Le listing de ses œuvres, tel qu’établi notamment par le site officiel d’El-Mouradia et par l’Institut du monde arabe de Paris, révèle l’expression d’une pensée qui embrasse plusieurs domaines : philosophie, politique, poésie mystique et profane, commentaires ésotériques. Les correspondances adressées à ses ennemis aussi bien qu’à ses amis (dont Dupuch, le premier évèque d’Alger après la colonisation), sur les questions liées au combat libérateur, au traitement des prisonniers de guerre, aux relations entre Orient et Occident sont considérées aujourd’hui comme de véritables traités d’humanisme.
Le site officiel d’El-Mouradia se contente d’énumérer les ouvrages de l’Emir qui ont été édités en Algérie, à savoir : « Dhikrâ al-âqiI » traduit en 1856, puis de nouveau en 1977. Cette seconde traduction de R. Khawam porte le titre de « Lettre aux Français » est rééditée par les éditions Rahma à Alger. Ainsi que « AI-miqràdh aI-hâdd » réédité par la même maison d’édition. Egalement citée «AI-Sayra al-dhàtiyya » qui est une autobiographie, éditée par Dar-al-Umma.
Y est cité également « AI-mawâqif : médiations mystiques » publié en 1996, à Alger par l’ENAG en 3 volumes. Le site signale également «La correspondance dispersée dans plusieurs ouvrages ou dans les bibliothèques et qu’il faudrait éditer.» Sans plus.

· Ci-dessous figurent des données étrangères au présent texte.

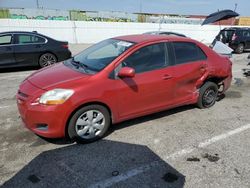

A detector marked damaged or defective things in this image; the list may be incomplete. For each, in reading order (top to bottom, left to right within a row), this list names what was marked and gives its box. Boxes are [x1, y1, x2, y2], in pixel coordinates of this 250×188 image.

damaged red car [16, 34, 232, 142]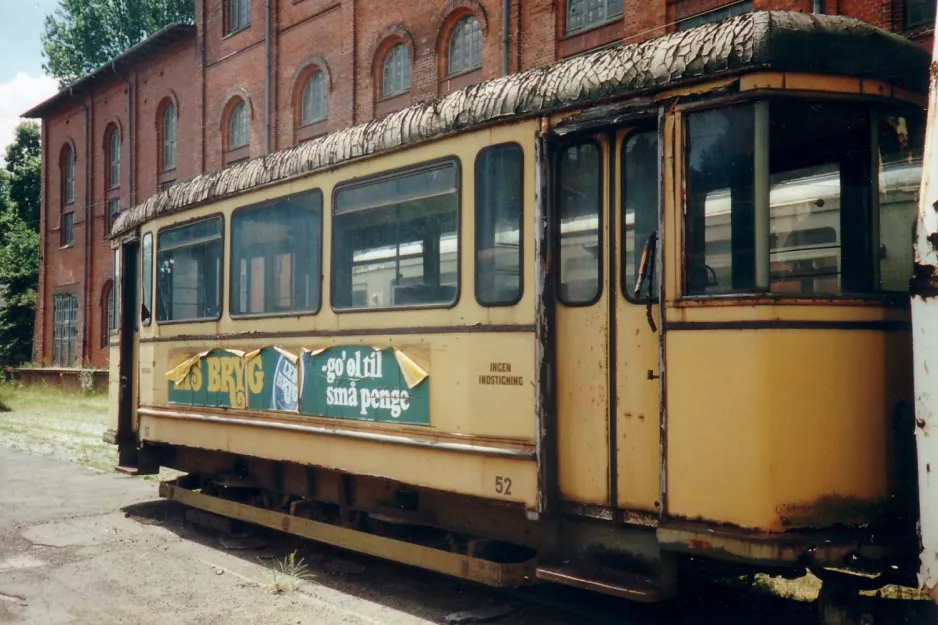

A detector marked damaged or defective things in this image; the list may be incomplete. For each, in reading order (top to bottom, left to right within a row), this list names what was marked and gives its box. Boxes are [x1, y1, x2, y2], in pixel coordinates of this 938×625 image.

rusty metal panel [113, 12, 924, 236]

L’Institut du monde arabe de Paris offre un catalogue plus exhaustif. A l’occasion de l’inauguration le 27 mai 2006 d’une place Abd El Kader dans le 5e arrondissement, à proximité de la Mosquée de Paris, l’institut propose une bibliographie des ouvrages et des articles de et sur l’Emir Abd El Kader disponibles dans son fonds documentaire.
Des écrits politiques et philosophiques…
La fameuse «Lettre aux Français » :
« Notes brèves destinées à ceux qui comprennent pour attirer l’attention sur des problèmes essentiels ». Ces écrits où l’émir Abd-el-Kader examine le statut et le traitement des prisonniers de guerre sont considérés comme précurseurs de la convention de Genève.

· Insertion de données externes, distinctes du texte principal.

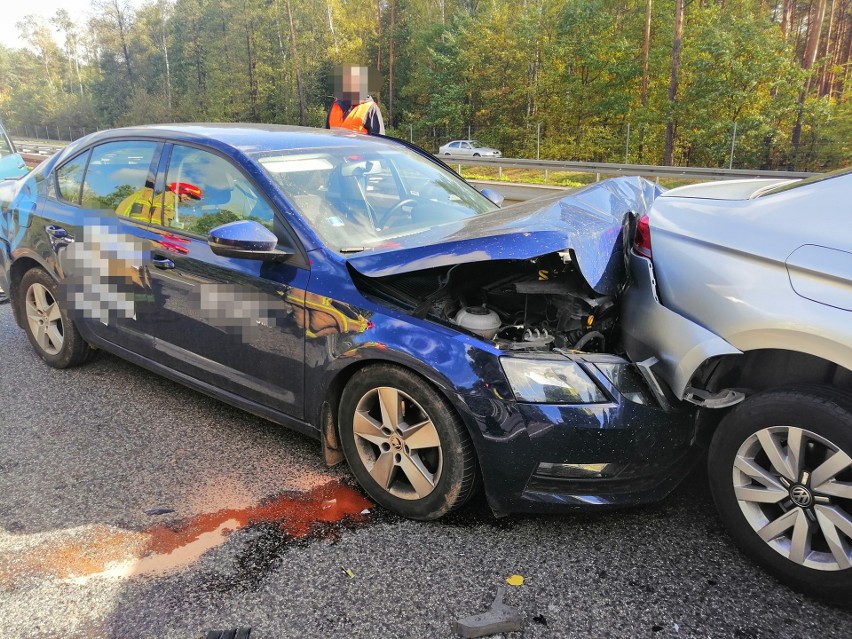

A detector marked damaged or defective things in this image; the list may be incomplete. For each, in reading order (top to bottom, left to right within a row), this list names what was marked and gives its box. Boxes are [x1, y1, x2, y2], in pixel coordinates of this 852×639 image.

damaged blue sedan [0, 124, 700, 520]
crumpled car hood [348, 175, 664, 296]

La traduction intégrale des manuscrits originaux (277 pages) est assuré par René R. Khawam et éditée par les éditions Phébus de Paris en 1977.

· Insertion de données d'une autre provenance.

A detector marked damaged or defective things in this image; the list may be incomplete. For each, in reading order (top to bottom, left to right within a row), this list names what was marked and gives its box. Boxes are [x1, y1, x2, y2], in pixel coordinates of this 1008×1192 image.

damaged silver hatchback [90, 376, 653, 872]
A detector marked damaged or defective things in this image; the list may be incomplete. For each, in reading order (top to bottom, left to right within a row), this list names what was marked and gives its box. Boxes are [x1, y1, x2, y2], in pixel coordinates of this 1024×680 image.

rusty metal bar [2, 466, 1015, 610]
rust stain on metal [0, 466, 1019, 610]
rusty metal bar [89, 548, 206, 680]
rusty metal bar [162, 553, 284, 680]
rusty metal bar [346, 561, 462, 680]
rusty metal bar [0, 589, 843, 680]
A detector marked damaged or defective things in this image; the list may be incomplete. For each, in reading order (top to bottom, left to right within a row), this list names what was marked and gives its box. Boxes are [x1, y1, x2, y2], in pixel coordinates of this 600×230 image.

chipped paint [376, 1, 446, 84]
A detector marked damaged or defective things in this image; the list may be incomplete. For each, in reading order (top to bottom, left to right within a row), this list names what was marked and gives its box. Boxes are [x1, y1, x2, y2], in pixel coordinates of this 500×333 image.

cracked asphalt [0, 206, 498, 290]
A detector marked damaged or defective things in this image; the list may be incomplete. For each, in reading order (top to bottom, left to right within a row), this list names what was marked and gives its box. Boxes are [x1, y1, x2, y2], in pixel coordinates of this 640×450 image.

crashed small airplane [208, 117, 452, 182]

Une « Autobiographie » écrite en prison en 1849 et publiée pour la première fois par l’Emir Abdelkader. Elle est traduite de l’arabe par Hacène Benmansour et éditée par Dialogues en 1995. Le texte arabe et sa traduction française sont en regard.
Dans «Abd el Kader et le Maroc en 1838 » édité par Georges Yver et publiée dans « Revue africaine » en 1919, de larges extraits des écrits de l’émir sont publiés en arabe et suivis de leur traduction française.
«Les Chevaux du Sahara» du Général E. Daumas contiennent des textes de l’émir Abd-el-Kader. Cet ouvrage de 276 pages est édité par les éditions Ola de Paris en1998 et illustré par Marine Oussekine.
Une Proclamation de l’Emir Abdelkader aux habitants du Figuig en 1836 est éditée et traduite par L. Gognalons et par la «Revue africaine», à Alger, en 1913. Le texte arabe est suivi de la traduction française.
Les «Ecrits spirituels» de l’Emir est un ouvrage de 224 pages, présenté et traduit de l’arabe par Michel Chodkiewicz et édité par les Editions du Seuil de Paris en 1982.
Toujours dans le registre mystique l’institut propose « Recueil de textes extrait de : « Kitab al- mawaqif » ou « le Livre des haltes ». Cette œuvre étonnante narre les dévoilements mystiques de l’émir qui était d’ascendance maraboutique, appartenait à la confrérie des Kadiryas et se réclamait de l’enseignement du cheikh El-Akbar, Ibn Arabi (1165, Murcie/1240, Damas.)